Less than a week after his ouster as Rincon police chief, Mike Bohannon has fired back at the city.
Bohannon, who was placed on administrative leave last Tuesday and ultimately relieved of his duties last Thursday, said he did not agree with interim city manager Wesley Corbitt’s assertion that an internal affairs investigation should have been conducted into at least one Rincon police officer while a criminal investigation was under way.
"In all my years, an internal affairs investigation has never superseded a criminal investigation," Bohannon said. "It just doesn’t happen."
Bohannon said he got a call from one of his detectives that the Savannah-Chatham Counter Narcotics Team wanted to come to Rincon to conduct an interview with someone they believed was involved in a steroids ring. The Rincon Police Department’s other detective and the Effingham County Sheriff Office’s drug suppression unit were occupied on another case, Bohannon said.
Bohannon said he told his detective to call him back when he knew more. He was told that there was "a mega-amount of steroids coming in from other countries," Bohannon said, and that one or two of his officers may be involved.
The Rincon Police officer who accompanied the CNT agents on the "knock and talk" overheard the name of another Rincon officer, according to Corbitt. Two officers resigned from the Rincon Police Department last Tuesday.
"At that point is where our chief should have taken action to review the officers," Corbitt said. "It had nothing to do with the criminal investigation."
But Bohannon, briefed on the matter by his detectives and Sgt. Philip Scholl, said drugs coming from another country would make it a federal case.
"I said, ‘I don’t want to compromise a criminal investigation,’" Bohannon said.
He also cited the 1996 U.S. Supreme Court Garrity v. New Jersey case, in which an officer’s testimony in an internal affairs investigation could not be used against him in a criminal investigation.
Though one of his officers initially had asked if the department should conduct an internal affairs probe, "all three people agreed at the time, ‘let’s do the criminal investigation first,’" Bohannon said.
Corbitt said he asked Bohannon
five days after the first call from CNT what he was doing about the matter that potentially involved Rincon officers.
"I asked, ‘What are you doing?’ and he acted like I wanted to be apprised of a criminal investigation," Corbitt said. "We have an officer that’s been implicated, and that’s when I placed him on administrative leave. He never conducted an investigation. There was nothing done right, talking to our city attorney and our officers, so I had to step in. It’s not that I wanted to."
Bohannon said conducting an internal affairs review in the middle of a criminal probe could jeopardize the criminal investigation.

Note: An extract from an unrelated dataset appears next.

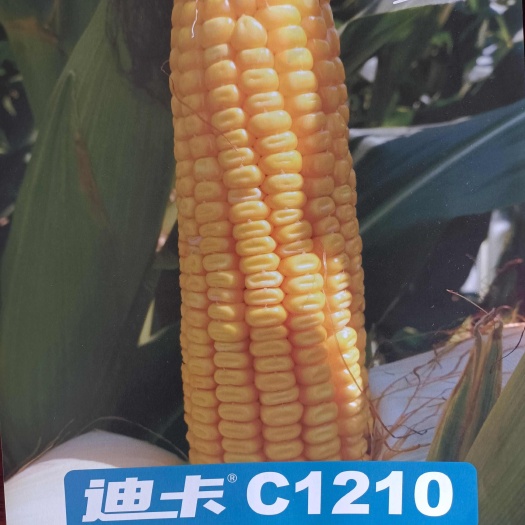 郑州迪卡C1210玉米种子：抗茎腐耐高温优质迪卡玉米种子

"It’s a criminal investigation. So why are we doing an internal affairs investigation in the middle of it?" he said. "Why would you jeopardize a criminal investigation? It sounds like a recipe to booby trap a case. I don’t think it’s anyone intention to do that, but that’s just me thinking like a cop."
In his statement last week outlining why Bohannon was fired, Corbitt cited Bohannon’s temperament, "which included excessive anger and demeaning language when dealing with his staff." But Bohannon said he only exchanged heated words on one occasion, and that came with a city councilman who later sent an e-mail to Bohannon apologizing for his actions.
"That’s a false statement," Bohannon said of the city manager’s assertion on his behavior. "People who know me know this is not true. This is nothing more than a dig on me. They realized they jumped the gun on internal investigation, and it possibly ruined a criminal investigation across several jurisdictions."
The former chief also said he never received anything in writing and was never issued a counseling statement on his behavior.
Bohannon also took exception at the citing of the number of officers who have left the department in his three years as chief. According to Corbitt, 24 officers consisting of 17 positions have left the department in the last three years.
But Bohannon called that charge baseless as well. One officer, he said, left in order to join her family business, making more than $100,000 a year. Another officer left to take a lucrative yet dangerous position as a police consultant in Afghanistan.
In 14 exit interviews or letters of resignation provided to the Herald, two left for personal reasons, four were either fired by then city manager Mike Phillips or resigned in lieu of termination and six others resigned for personal reasons, ranging from other opportunities in law enforcement to joining the family business. One officer resigned because of problems with another officer, who also since has resigned.
Bohannon, hired in February 2009, said the department was about to lose its probation department and it was about to be taken off the Georgia Crime Information Center.
"When I got there, that police department was in shambles," he said. "The pay was some of the lowest around. The state of Georgia was about to shut down their probation department.
"This was a department that was about to close its doors."
Bohannon said the main reason officers leave is for pay and benefits, and he said having take-home cars is a huge benefit, especially with officers called to respond to a homicide scene in Rincon.
He also said the department works well with other agencies, especially with the Effingham County Sheriff’s Office. Bohannon worked with the ECSO for 12 years before entering private business and then becoming Rincon’s chief of police.
"We have worked excellently with the ECSO. One thing I have brought is we work great with other agencies," he said.
Corbitt said the city’s priority is to replace the three officers it is short before trying to fill the chief’s position. Sgt. Scholl is supervising the department in the interim.